> [EXTRACTED INFORMATION]
:::::

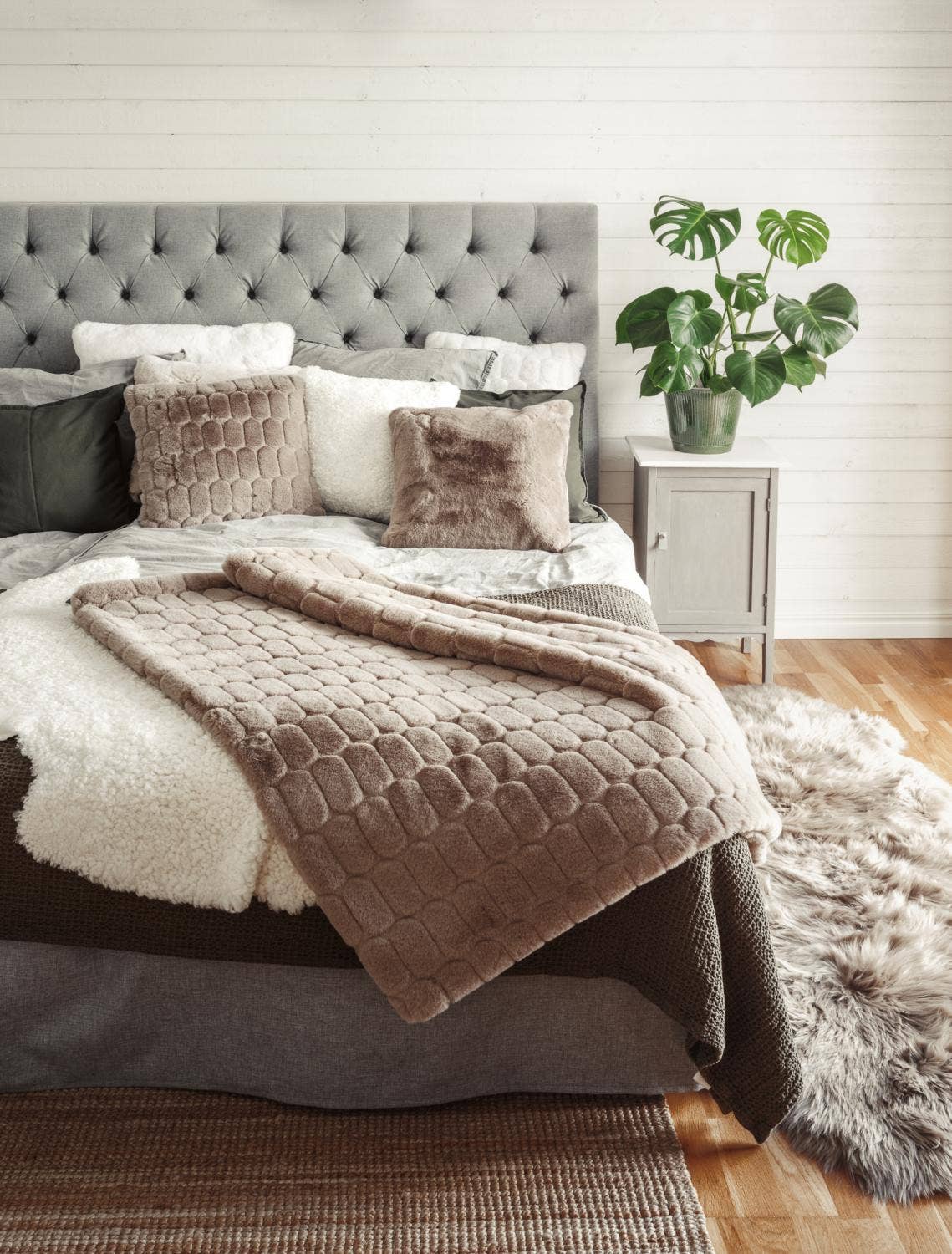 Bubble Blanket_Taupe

:::::

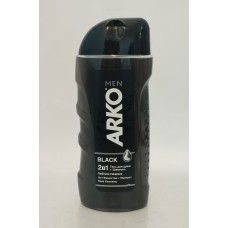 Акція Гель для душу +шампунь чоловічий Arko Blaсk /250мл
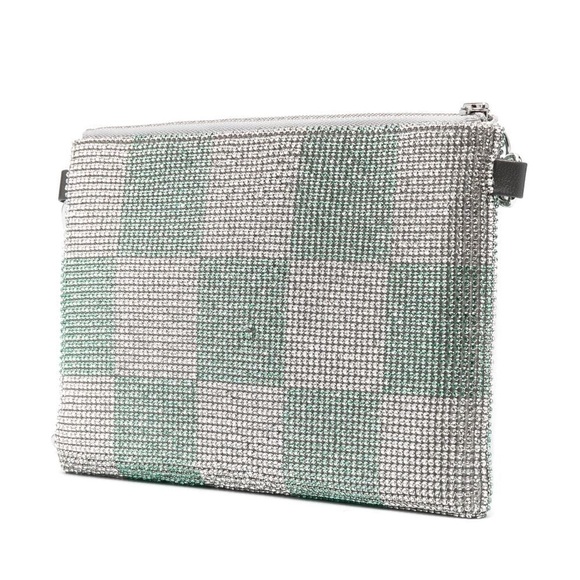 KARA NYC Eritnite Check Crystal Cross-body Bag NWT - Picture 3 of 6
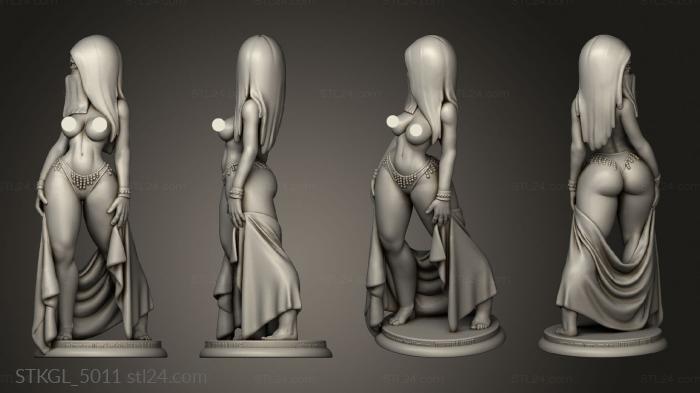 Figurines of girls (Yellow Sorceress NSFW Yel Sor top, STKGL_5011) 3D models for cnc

:::::

> [DIRECTIONS FOR THIS TASK]
Start at the line containing "KARA NYC Eritnite" above and stop at the line containing "Figurines of girls". Output those lines exactly, both included, but none of the pictures.

> [RESPONSE AREA]
 KARA NYC Eritnite Check Crystal Cross-body Bag NWT - Picture 3 of 6
 Figurines of girls (Yellow Sorceress NSFW Yel Sor top, STKGL_5011) 3D models for cnc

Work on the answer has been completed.